Wisconsin high school athletic conference (1926–1969)

The Madison Suburban Conference is a former high school athletic conference in Wisconsin, founded in 1926 and ending competition in 1969. Its members were located in south central Wisconsin, predominantly around the Madison area.

== History ==

=== 1926–1952 ===

The Madison Suburban Conference formed in 1926 by ten schools in and around Dane County that were smaller in enrollment than those in the city of Madison: Cambridge, Deerfield, DeForest, Lodi, Marshall, Middleton, Oregon, Sun Prairie, Verona and Waterloo. It was subdivided into Eastern and Western sections after the first season of competition:

| Eastern Section | Western Section |
|---|---|
| Cambridge | DeForest |
| Deerfield | Lodi |
| Marshall | Middleton |
| Sun Prairie | Oregon |
| Waterloo | Verona |

In 1930, the Madison Suburban Conference began sponsorship of football with Cambridge, Lodi, Middleton and Sun Prairie as their original membership roster. Divisions were eliminated in basketball for the 1931–32 season, and Lodi left the conference for the Tri-County League at that season's conclusion. Johnson Creek joined the conference in 1935 after moving over from the Little Five Conference, having won all six basketball titles during that conference's history. The Madison Suburban Conference accepted its first football-only member in 1941 when Blanchardville, whose primary affiliation was with the State Line League, joined the conference.

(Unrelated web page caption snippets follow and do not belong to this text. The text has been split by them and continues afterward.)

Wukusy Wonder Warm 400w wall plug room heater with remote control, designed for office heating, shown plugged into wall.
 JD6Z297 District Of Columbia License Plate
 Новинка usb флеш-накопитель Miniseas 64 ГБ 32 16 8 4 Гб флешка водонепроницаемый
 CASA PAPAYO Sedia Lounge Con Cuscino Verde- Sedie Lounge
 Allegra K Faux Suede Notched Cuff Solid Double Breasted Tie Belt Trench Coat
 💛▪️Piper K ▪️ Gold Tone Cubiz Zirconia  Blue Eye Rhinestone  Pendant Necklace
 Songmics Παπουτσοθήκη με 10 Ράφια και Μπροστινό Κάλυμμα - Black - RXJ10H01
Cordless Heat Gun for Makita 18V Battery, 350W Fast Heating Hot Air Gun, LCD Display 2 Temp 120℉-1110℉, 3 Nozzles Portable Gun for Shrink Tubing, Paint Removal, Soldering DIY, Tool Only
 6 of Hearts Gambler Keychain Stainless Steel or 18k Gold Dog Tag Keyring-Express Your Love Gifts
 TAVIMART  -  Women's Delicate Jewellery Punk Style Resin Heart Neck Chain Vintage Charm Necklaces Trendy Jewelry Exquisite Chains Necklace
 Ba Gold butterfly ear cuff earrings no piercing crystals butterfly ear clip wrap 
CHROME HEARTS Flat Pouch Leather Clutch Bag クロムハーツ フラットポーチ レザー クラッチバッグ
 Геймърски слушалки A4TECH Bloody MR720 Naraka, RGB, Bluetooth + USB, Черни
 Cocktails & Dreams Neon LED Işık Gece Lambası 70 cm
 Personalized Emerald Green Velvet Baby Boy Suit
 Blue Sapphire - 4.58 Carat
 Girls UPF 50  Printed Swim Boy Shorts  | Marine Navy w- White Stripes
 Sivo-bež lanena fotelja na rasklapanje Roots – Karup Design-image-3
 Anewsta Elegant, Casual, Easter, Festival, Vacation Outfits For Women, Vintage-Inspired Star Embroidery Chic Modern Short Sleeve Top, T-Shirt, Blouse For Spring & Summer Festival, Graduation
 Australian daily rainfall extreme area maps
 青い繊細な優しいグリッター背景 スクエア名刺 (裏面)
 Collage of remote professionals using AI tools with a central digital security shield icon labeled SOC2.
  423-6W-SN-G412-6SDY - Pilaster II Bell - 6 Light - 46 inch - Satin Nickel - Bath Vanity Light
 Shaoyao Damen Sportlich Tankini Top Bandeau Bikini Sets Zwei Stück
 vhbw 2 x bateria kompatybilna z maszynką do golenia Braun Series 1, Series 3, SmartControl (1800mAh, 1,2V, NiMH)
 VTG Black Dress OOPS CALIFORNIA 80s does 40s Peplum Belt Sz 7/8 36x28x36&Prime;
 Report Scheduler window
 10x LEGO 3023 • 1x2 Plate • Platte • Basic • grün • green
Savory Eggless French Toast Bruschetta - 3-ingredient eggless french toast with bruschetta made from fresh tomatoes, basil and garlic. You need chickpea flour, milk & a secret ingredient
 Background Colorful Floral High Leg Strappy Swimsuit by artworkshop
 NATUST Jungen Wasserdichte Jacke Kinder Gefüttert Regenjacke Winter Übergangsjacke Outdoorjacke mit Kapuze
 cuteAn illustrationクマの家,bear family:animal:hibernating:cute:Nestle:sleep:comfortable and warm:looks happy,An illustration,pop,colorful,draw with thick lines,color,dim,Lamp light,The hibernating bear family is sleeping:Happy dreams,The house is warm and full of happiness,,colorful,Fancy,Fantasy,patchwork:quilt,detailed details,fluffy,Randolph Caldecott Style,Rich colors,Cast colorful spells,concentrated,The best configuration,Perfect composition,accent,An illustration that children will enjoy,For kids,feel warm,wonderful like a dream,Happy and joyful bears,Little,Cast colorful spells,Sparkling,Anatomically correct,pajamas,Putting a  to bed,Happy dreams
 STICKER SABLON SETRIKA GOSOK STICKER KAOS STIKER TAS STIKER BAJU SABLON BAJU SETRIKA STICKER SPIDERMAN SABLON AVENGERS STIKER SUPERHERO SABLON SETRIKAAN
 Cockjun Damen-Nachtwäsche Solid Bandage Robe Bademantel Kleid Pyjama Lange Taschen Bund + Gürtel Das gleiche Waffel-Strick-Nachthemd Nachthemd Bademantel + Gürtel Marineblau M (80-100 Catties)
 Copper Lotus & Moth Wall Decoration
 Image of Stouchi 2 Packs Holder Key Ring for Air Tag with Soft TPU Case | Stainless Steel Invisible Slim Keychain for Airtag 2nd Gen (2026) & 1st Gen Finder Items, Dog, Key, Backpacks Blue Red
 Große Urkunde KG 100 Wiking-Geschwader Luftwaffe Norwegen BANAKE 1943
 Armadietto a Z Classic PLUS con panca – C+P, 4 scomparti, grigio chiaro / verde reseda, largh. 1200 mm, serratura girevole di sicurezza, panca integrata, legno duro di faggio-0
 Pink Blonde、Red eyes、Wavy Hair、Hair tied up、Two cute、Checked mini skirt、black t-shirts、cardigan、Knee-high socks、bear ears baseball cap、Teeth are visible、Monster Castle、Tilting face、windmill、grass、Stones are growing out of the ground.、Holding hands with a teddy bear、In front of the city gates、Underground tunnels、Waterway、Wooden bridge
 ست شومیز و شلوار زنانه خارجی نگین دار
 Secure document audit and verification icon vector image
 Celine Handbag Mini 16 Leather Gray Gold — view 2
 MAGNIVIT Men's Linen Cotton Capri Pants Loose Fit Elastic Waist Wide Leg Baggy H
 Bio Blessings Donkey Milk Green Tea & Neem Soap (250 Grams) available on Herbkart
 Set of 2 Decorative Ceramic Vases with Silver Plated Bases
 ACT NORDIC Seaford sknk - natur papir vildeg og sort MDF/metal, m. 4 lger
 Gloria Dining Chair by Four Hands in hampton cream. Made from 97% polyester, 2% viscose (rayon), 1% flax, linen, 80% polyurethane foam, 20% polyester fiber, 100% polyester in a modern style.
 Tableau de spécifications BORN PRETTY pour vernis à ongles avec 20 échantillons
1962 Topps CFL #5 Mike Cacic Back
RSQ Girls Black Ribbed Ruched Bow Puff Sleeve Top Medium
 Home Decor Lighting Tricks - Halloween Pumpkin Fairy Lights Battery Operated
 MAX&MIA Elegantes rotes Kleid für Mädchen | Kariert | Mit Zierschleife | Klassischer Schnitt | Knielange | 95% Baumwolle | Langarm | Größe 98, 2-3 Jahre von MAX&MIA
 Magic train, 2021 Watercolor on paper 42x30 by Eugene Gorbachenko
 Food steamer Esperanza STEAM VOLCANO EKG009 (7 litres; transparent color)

They remained a member until after the 1949 season, when they switched to eight-man football and joined the State Line League.

=== 1952–1963 ===

Growth in the Madison area during the post-war years accompanied some substantial shifts with the athletic conferences in south central Wisconsin. Middleton exited the Madison Suburban Conference in 1952 to join the new Badger Conference, and Juneau joined the following year after the break-up of the 4-C Conference. Verona left in 1954 to join the Tri-County League, and in 1955 the conference would add three schools that left the Badger Conference: Evansville, Lake Mills and Milton.

=== 1963–1969 ===
In 1963, the high school athletic conferences in the Madison area went through another period of significant realignment. Sun Prairie left the conference to join the Badger Conference that year, and their place was immediately taken by the new high school in McFarland. The conference also absorbed the former Tri-County League, which had been reduced from ten to six schools due to a series of consolidations and the defection of Sauk Prairie High School to the South Central Conference. Former members Lodi and Verona rejoined the conference, and they were accompanied by Poynette, River Valley in Spring Green, Waunakee and Wisconsin Heights in Mazomanie. In order to accommodate the new schools, the Madison Suburban Conference was subdivided into three sections of six schools each:

| Central Section | Eastern Section | Western Section |
|---|---|---|
| DeForest | Cambridge | Lodi |
| Evansville | Deerfield | Poynette |
| Lake Mills | Johnson Creek | River Valley |
| Milton | Juneau | Verona |
| Oregon | Marshall | Waunakee |
| Waterloo | McFarland | Wisconsin Heights |

The Madison Suburban Conference's absorption of both the Tri-County League and the football-only Southern Dairyland Conference (of which Deerfield, Johnson Creek and Marshall were members) meant all members of the Madison Suburban Conference participated in football for the first time in its history. River Valley would leave after only one season in the conference to join the Southwest Wisconsin Activities League, and their place was taken by Lakeside Lutheran High School in Lake Mills. They joined the Eastern Section with McFarland moving over to the Western Section:

| Central Section | Eastern Section | Western Section |
|---|---|---|
| DeForest | Cambridge | Lodi |
| Evansville | Deerfield | McFarland |
| Lake Mills | Johnson Creek | Poynette |
| Milton | Juneau | Verona |
| Oregon | Lakeside Lutheran | Waunakee |
| Waterloo | Marshall | Wisconsin Heights |

In the long term, this level of growth proved to be unsustainable and in 1969, the Madison Suburban Conference split up into three separate conferences, predominantly along the final sectional alignment. All six schools in the Western Section (along with DeForest and Waterloo from the Central Section) formed the Capitol Conference, the six schools in the Eastern Section (along with Palmyra and Queen of Apostles in Madison) formed the Eastern Suburban Conference, and the four remaining schools in the Central Section (along with Beloit Turner and Clinton) formed the Central Suburban Conference.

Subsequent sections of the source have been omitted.